But aside from Montana and Allen, almost everything about the Chiefs has been overlooked this year. Nobody really took K.C. seriously until it beat the Pittsburgh Steelers 27-24 in overtime in the first round of the playoffs and improved its overall record to 12-5. Sure, Allen had a wonderful year, scoring 15 touchdowns and being named to the Pro Bowl at age 33. But all those young receivers—Jim Barnett, J.J. Birden, Willie Davis and Fred Jones—would do better to call themselves the No-Name Gang instead of their chosen sobriquet, the Young Guns. Even Montana, good as he was, was considered increasingly fragile. He missed four full regular-season games, including the meeting between these two teams on Sept. 12, which he sat out with a sore wrist. Kansas City lost that one 30-0.
Houston was the hot team going into the playoffs. After a 1-4 start, partly the residue of that fold against Buffalo in the playoffs last year, the Oilers regrouped and won 11 in a row. And throughout the season they were the most newsworthy bunch in the NFL. Something either cartoonish or tragic seemed to happen every week. It wasn't just Ryan and offensive coordinator Kevin Gilbride going at it on the sideline on Jan. 2 in a difference of opinion over their systems—Buddy's 46 defense versus Gilbride's run-and-shoot offense, which Ryan derisively refers to as the chuck-and-duck.

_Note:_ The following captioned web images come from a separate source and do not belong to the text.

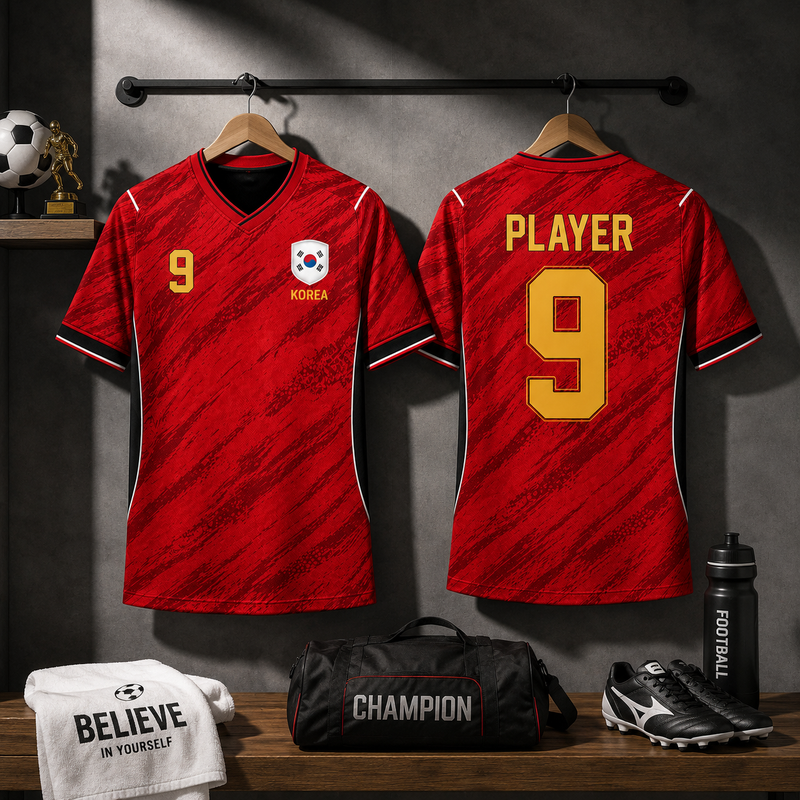 South Korea Soccer Jersey Adult V-Neck Personalized Custom Name Number, Korea Football Shirt for Men Women, Korean National Team Jersey, Fan Gift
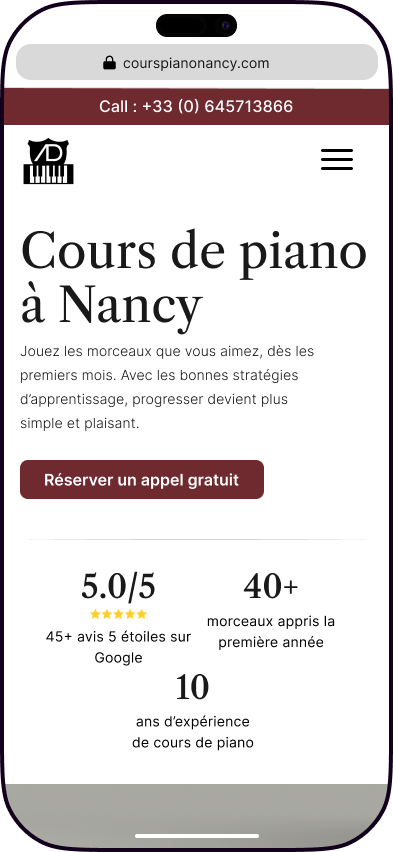 Version mobile du site de cours de piano à Nancy.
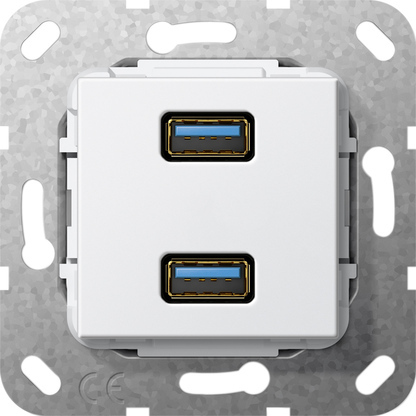 Gira USB 3.0 Dual Port Breakout Cable Base Unit White - 568503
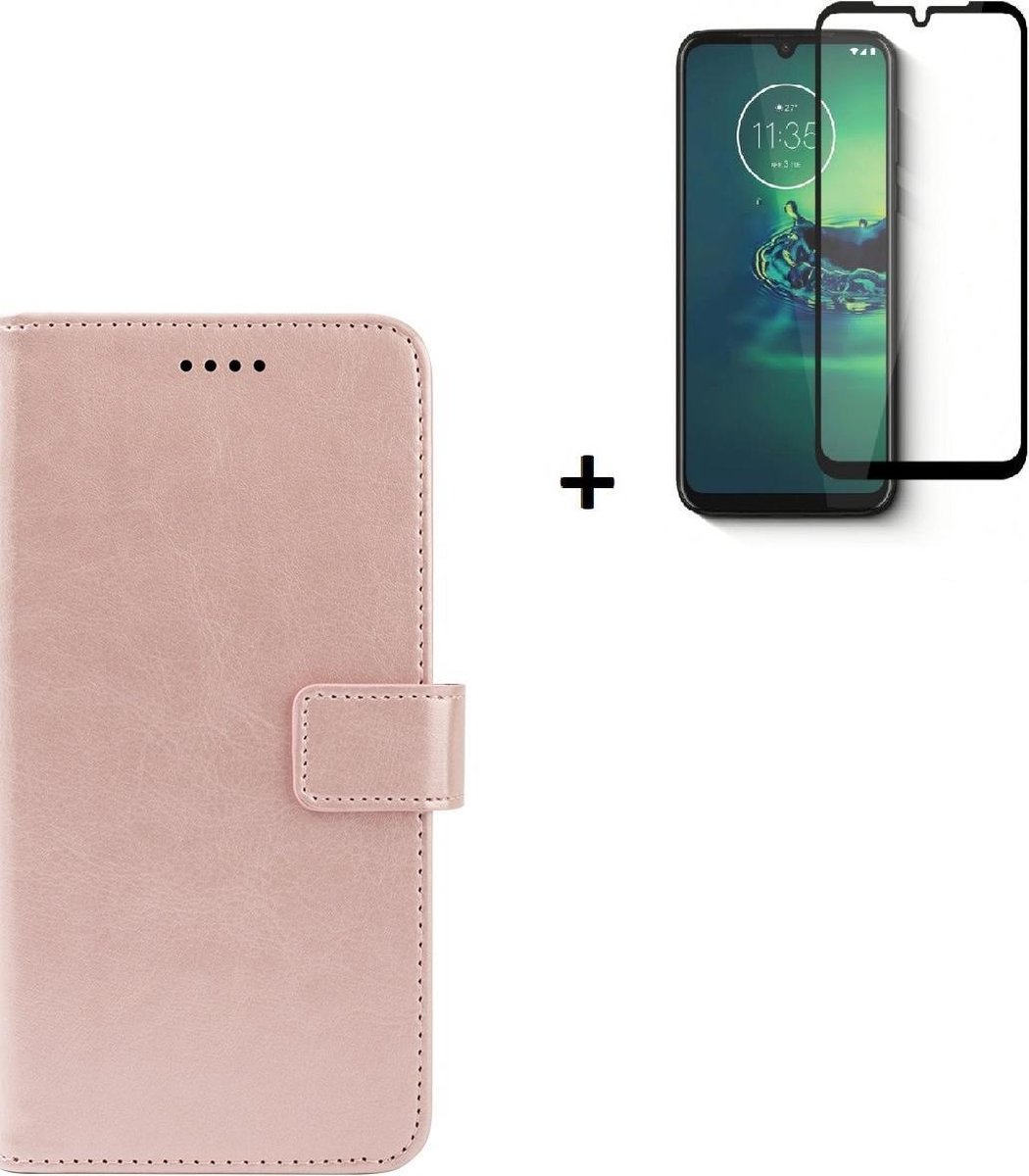 Geschikt voor Motorola Moto G10 Hoesje - Motorola Moto G10 Full Screenprotector - Motorola Moto G10 Hoes Wallet Bookcase Rose Goud + Full Tempered Glass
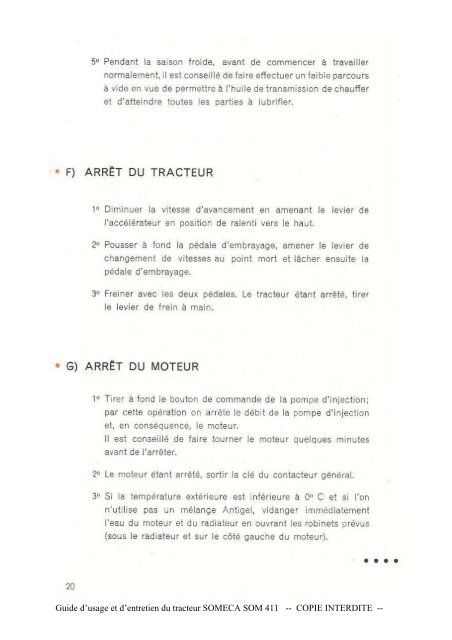 Guide d'usage et d'entretien du tracteur SOMECA SOM 411 ...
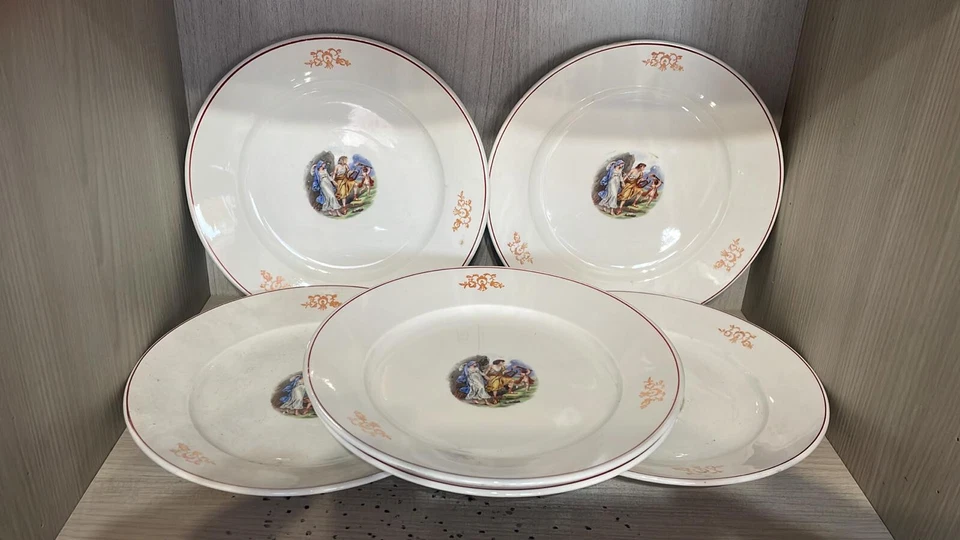 6 PIATTI IN PORCELLANA SOCIETA' CERAMICA ITALIANA LAVENO,SCENE BUCOLICHE - Immagine 2 di 4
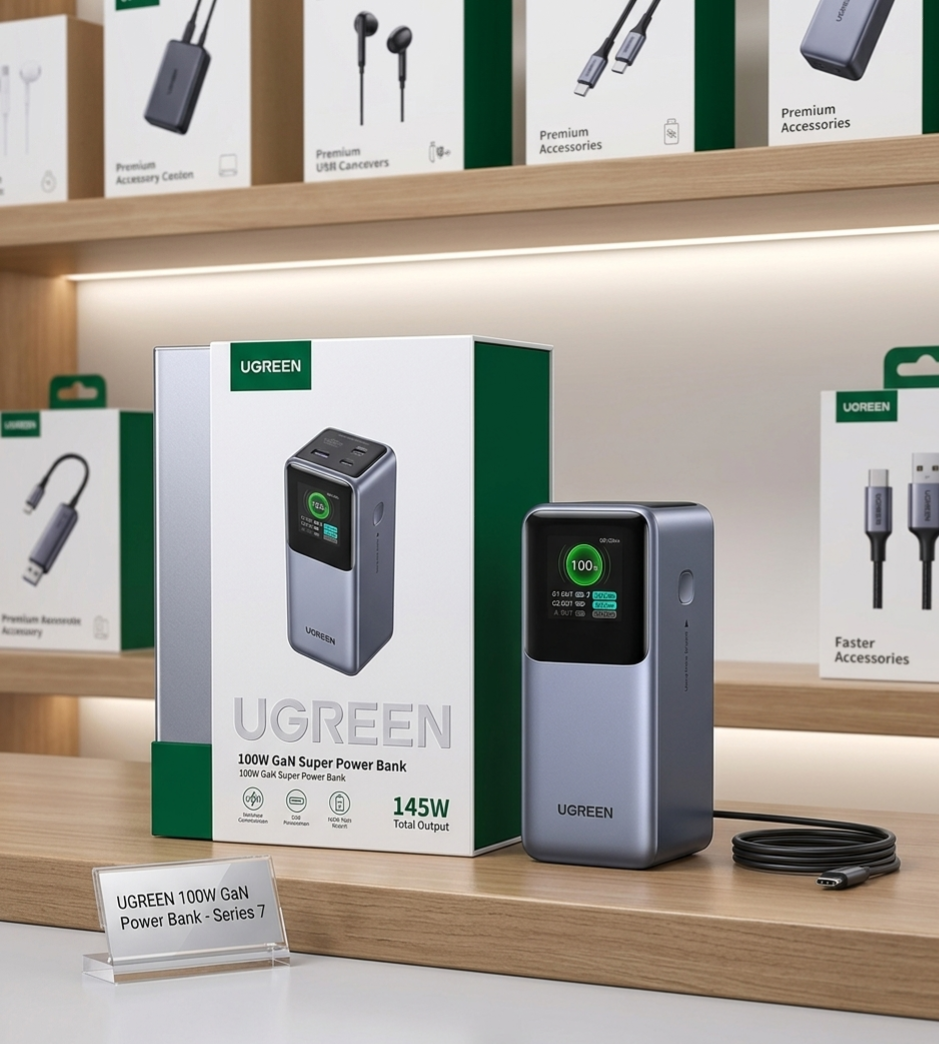 UGREEN 145W Smart Power Bank: La Estación de Energía Definitiva para tu Ecosistema Tech.
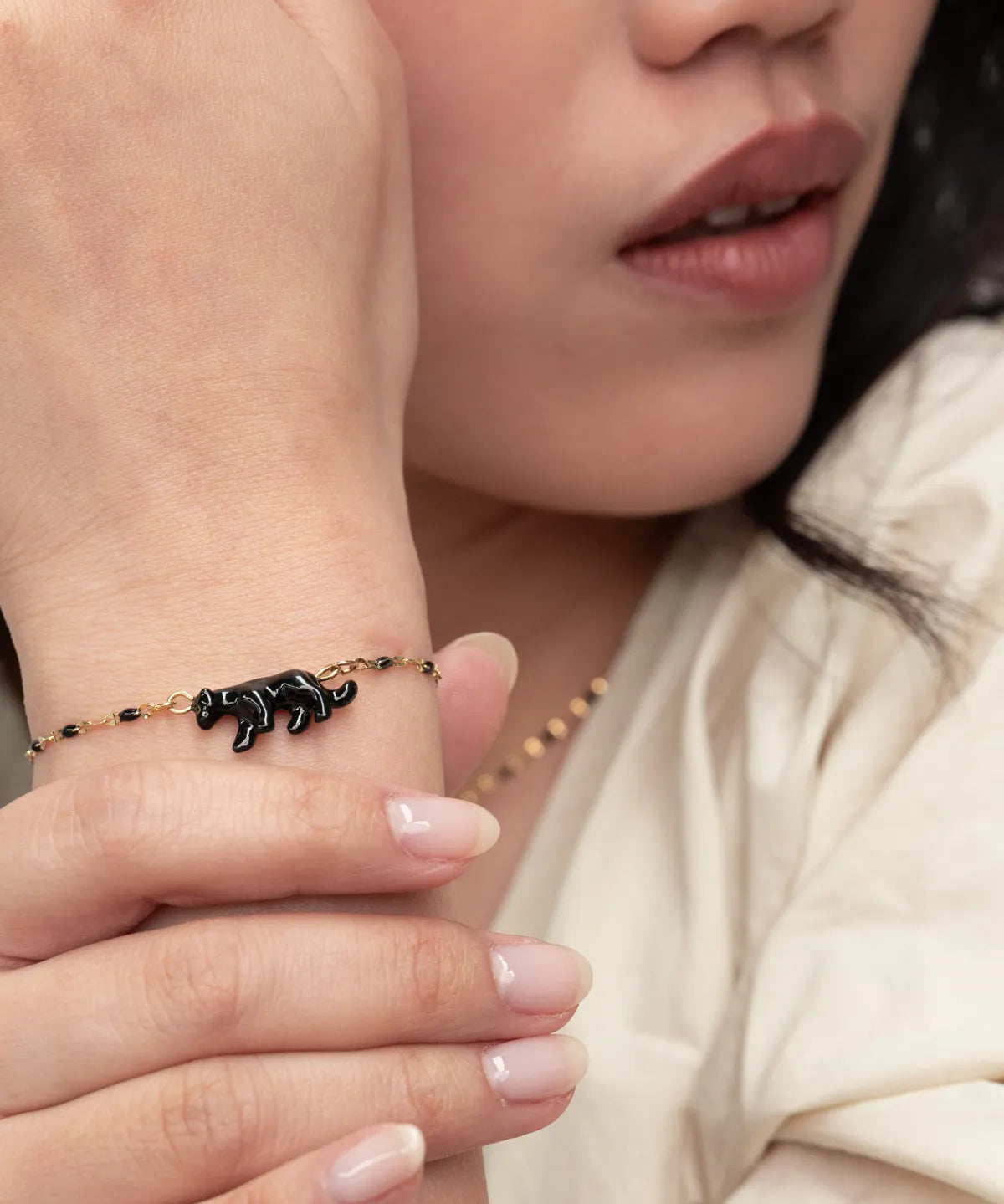 Bracelet perles et panthère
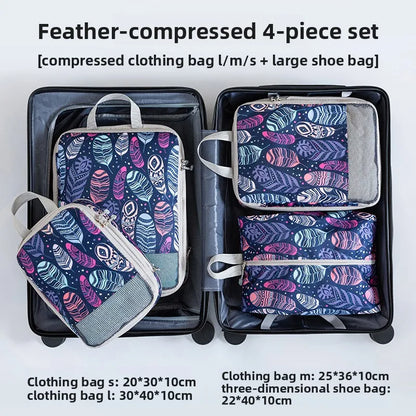 Printing Travel Storage Bag Compression Set Digital Toileting Makeup Clothes Shoes Luggage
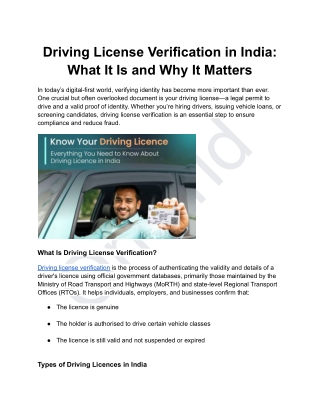Driving License Verification in India_ What It Is and Why It Matters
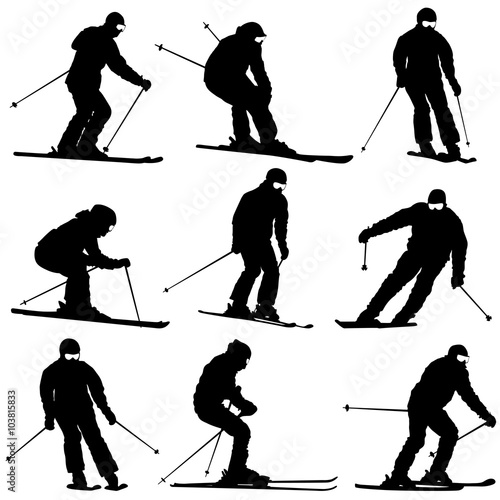 Set mountain skier  speeding down slope. Vector sport silhouette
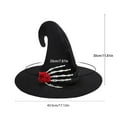thumbnail image 3 of Gallickan Witch Hat for Woman Girl, Halloween Witches Hats with Skeleton Hand, Witch Hats Wizard-Hat, Halloween Decorations for Outdoor Party Accessories, Black-B, 3 of 6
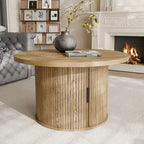 Table basse ronde avec porte tambour noire/marron et rangement caché – À l'unité ou par lot de 2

There was an early-season benching of Moon in favor of Cody Carlson that lasted part of one game. There was Daddygate, when tackle David Williams missed a game to be with his wife and new baby. And there was the suicide of defensive end Jeff Alm, who shot himself after killing his best friend in a car accident. The Oilers' tolerance for turmoil was immense. "You'd be surprised how little of it we took seriously," said defensive end Sean Jones. "Even with that 1-4 start, morale was never a problem."
The winning streak—which featured a rejuvenated Moon and Brown, an NFL minimum-wage replacement at running back for the injured Lorenzo White—seemed to augur that the end of Houston's postseason frustration was at hand. These Oilers could win, and they had to win. They knew that because owner Bud Adams had told them so in an especially silly preseason meeting. "That edict shook players up," said Jones. "He assumed we had the intelligence of a squash."
Adams's address aside, there was a genuine urgency to the Oilers' season. Moon was 37 and would not see many more playoffs. Coach Jack Pardee was nearly fired during the 1-4 stretch by the trigger-happy Adams. Ryan and Gilbride, no matter how well their respective systems worked, would not likely be back together. For that matter, the run-and-shoot offense was losing support, and abandoning it would mean sweeping personnel changes. The idea that this was the last chance for one of the NFL's most perennially talented teams—seven straight playoff appearances—persisted through each of the 11 victories.
And surely there would have been more, except for Montana. The Oilers were properly respectful of him going into the game. After all, many of them had been victimized in those comebacks; even Ryan had had to stand transfixed in his Philadelphia Eagle and Chicago Bear days while Montana marched the San Francisco 49ers relentlessly downfield in the waning minutes.
And while the Oilers were cautious, the Chiefs were confident. Kansas City defensive lineman Dan Saleaumua dismissed that 30-0 game, Houston's lone victory during its early-season travails. "We're doing the same exact thing," he said. "The only difference now is that Joe's playing."
But what can such a mess of scarred cartilage and tangled tendons add to an offense? The word throughout the league is that Montana can no longer go deep. He has great vision, can pick defenses apart, but he can't hurt you long. "That is what he is on film," said Chief offensive coordinator Paul Hackett mysteriously. "But it's not true."
On Sunday, Montana did indeed underthrow receivers several times, was intercepted twice and reminded nobody of John Elway. Yet he went deep often enough to put a scare into Houston. In fact, K.C. center Tim Grunhard believed the game's turning point came in the first half when the Chiefs' offense was a model of futility on an incomplete pass from Montana that traveled 50 yards in the air. Willie Davis, five yards ahead of his coverage, did his impression of Times Square at New Year's—dropping a ball while everybody waited—blowing a sure touchdown. "It was heartbreaking," said Grunhard, "but it opened the defense up."
In any Montana comeback the most striking element is his supernatural calm. "He's not caught up in unimportant things," said Hackett. "It's always protection, routes and defense. When he walks into a huddle, no one's anxious because Joe's not anxious. It's his trademark."
How discombobulated was Montana after Davis's drop? "I was embarrassed," said Davis. "I mean, it was a TD pass. But Joe came up to me and said, 'I missed two throws, you dropped one pass, keep going.' " In the fourth quarter, with the Chiefs leading 14-13, Montana sent Davis into the end zone, where he was covered perfectly by Dishman. Davis reached behind him for the ball—Dishman never saw it—to score an 18-yard touchdown.